The third episode Oxidation and Reduction is, compared to the uniform bleakness of its predecessor, a more thoughtful account of the years a student spends in insti.
The disillusionment with acads and prospects is tempered by the extraordinary energy and passion directed towards the cultural sphere and inter-hostel rivalry.
Here too one can detect the famed competitiveness of insti students, which makes it possible to execute magnificent projects like the Diwali ‘illu.’ While the genuine enthusiasm of hostellers pegging away at the illu frame was debatable, one could empathise with the students working on larger-than-life rangolis because the documentary captured the quiet contentment of doing work that is gratifying in itself.

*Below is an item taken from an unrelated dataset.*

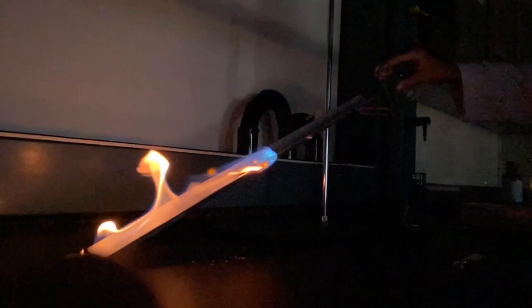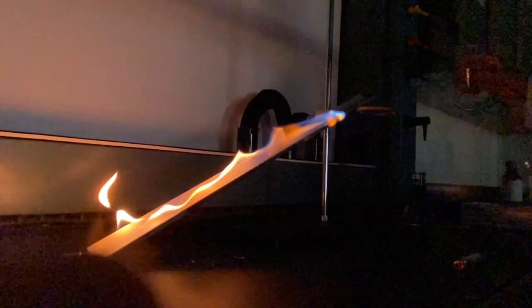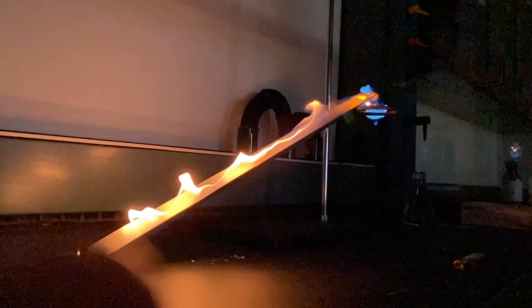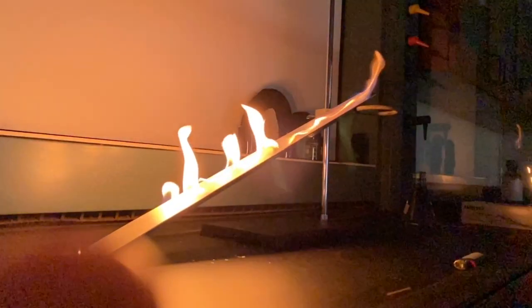If I left my hand there once the flame reached the top, the entire Erlenmeyer flask and its contents would burn and I would burn my hand. This is why we need to keep flammable liquids away from a flame.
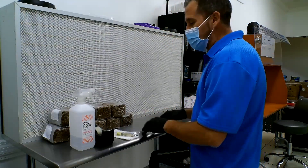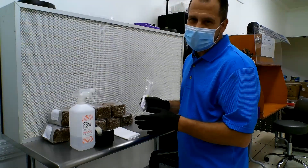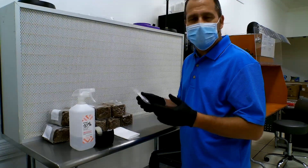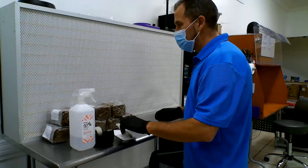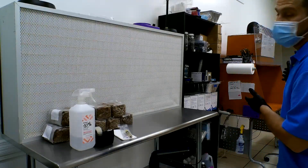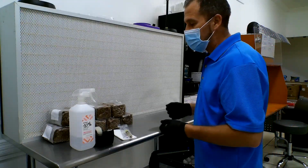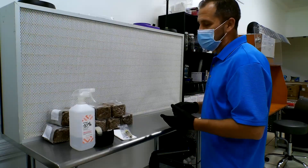With one syringe you should be able to inoculate 9 to 10 rye berry bags — I usually do 9 so I put a little bit more in each one. As you can see, I'm working in a horizontal flow hood here. We also have a vertical flow hood but today I'll be using the horizontal; it's easier for me to stand at and we'll quickly get through the rye berries.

Alma Matters treads lightly over such issues as the skewed sex ratio, mental health and student suicides, declining to engage with fraught issue of caste. Little is shown of the already outnumbered girls, besides a few shots on the sports field. The documentary’s treatment of the girl who successfully contested the elections for Sports General Secretary is emotive and her difficulties elicit appropriate outrage. However, this instance is not particularly instructive because it fails to capture or diagnose the pervasive sexism that is endemic to IITs. Alma Matters dedicates a fair bit of time to deploring the tragedy of student suicides, while adding very little to the general diagnosis of academic pressure and toxic competition.
The documentary is not a goldmine of never-heard-before truths about the IITs, nor is it the last word on student life in insti. However, it acquits itself with some credit in looking beyond the aura of the institution to find real students in all the messiness of their lives. Alma Matters is undoubtedly an inside job- there is a fond familiarity in the way the drone shots and camerawork capture the serenity of the island-like campus and the little details of student life like the homemade snacks on the shelf or the well-loved hostel pets. For a student of insti, starved for anything (besides acads) that smacks of insti feels, the IITKGP of Alma Matters is simultaneously foreign and familiar. The hostels are relatably cramped and messy, the camaraderie and cussing expected. You find yourself momentarily taken aback by the doors flung wide open, only to remember that surviving monkey-induced trauma is not a degree requirement for everyone. The large lecture halls and ubiquitous cycles, budget eateries and wooded roads
and especially the solitary Mallu student – they are at once too little of insti to be satisfied with and too much to experience vicariously.